On Day 1 of this course, sitting in a huge auditorium amidst 60-70 other students, I was eager to see the kind of tone that the Professor was going to set. Was this going to be a series of platitudes about star performers? Since the reading material for the course was his own book, would this course just be an advertisement for his book? Or, was it going to be something else? Well, 20 minutes into the session, I knew the answer. He started off with a quiz on star performers vs. average performers. He asked us to answer True/False to a series of statements. Statements such as, “Star performers have higher IQs than average performers.” “Star performers have better innate leadership qualities,” etc. Once we took the quiz, he blindsided us with something. He said that all those statements were false! Amidst a bunch of “what the heck” responses from students, he said something that changed me as a professional forever. What separates star performers from the rest is not what they have but how they use what they have.
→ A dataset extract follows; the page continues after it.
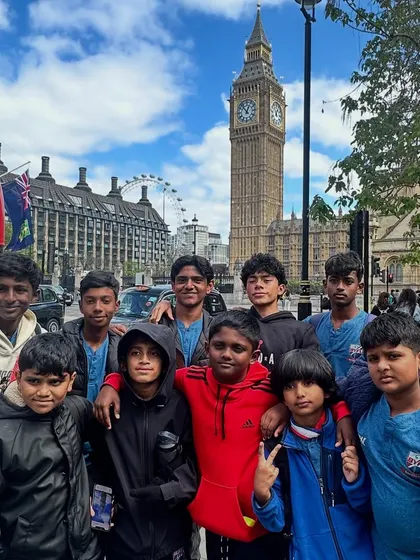 A classic tourist shot with Big Ben and the Houses of Parliament in the background.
Pause to read that line again since my entire write-up is a tribute to Professor Kelley for having come up with that. This was the set up for a discussion of the “star performer model” where he listed a set of important traits and behaviors that star performers excel in, such as taking initiative, building a knowledge network and engaging in self-management. The fact that he created this model based on extensive research at companies such as AT&T, 3M and Hewlett Packard also gave me the confidence that he did not pluck these out of thin air and instead, these were observed behaviors of star performers.
Today (as of Dec 2013), having worked for nearly five years after business school, I can reflect on my career pre-MBA (my five years as a software engineer) vis-à-vis post-MBA and state that the years after my MBA have been more fulfilling and rewarding. The ghosts of self-doubt that had seeped into me during my years of high school had only been partly exorcised during my initial successful years as a student in the US. Kelley’s course really was the starting point for me to get rid of the residue! Through his chapters on taking initiative and building a knowledge network, he convinced me that I had it in me – just like anyone else – to engage in certain behaviors and transform myself into a star performer. In other words, the one that had to truly make me feel empowered was not my manager (though a supportive manager helps!) but really, myself. In the past five years, a lot of the successes that I have had have been a result of following some of the sound pieces of advice that he has provided in his book. Though I don’t consider myself a star performer yet, I know that I will feel a sense of accomplishment just in my attempt to become one.
I am 32 years old. And, I have many more years as a professional to come. And, in those years, one thing that I will look to as a feedback loop of sorts is Professor Kelley’s book. Just in case any demons stop by to say, Hello!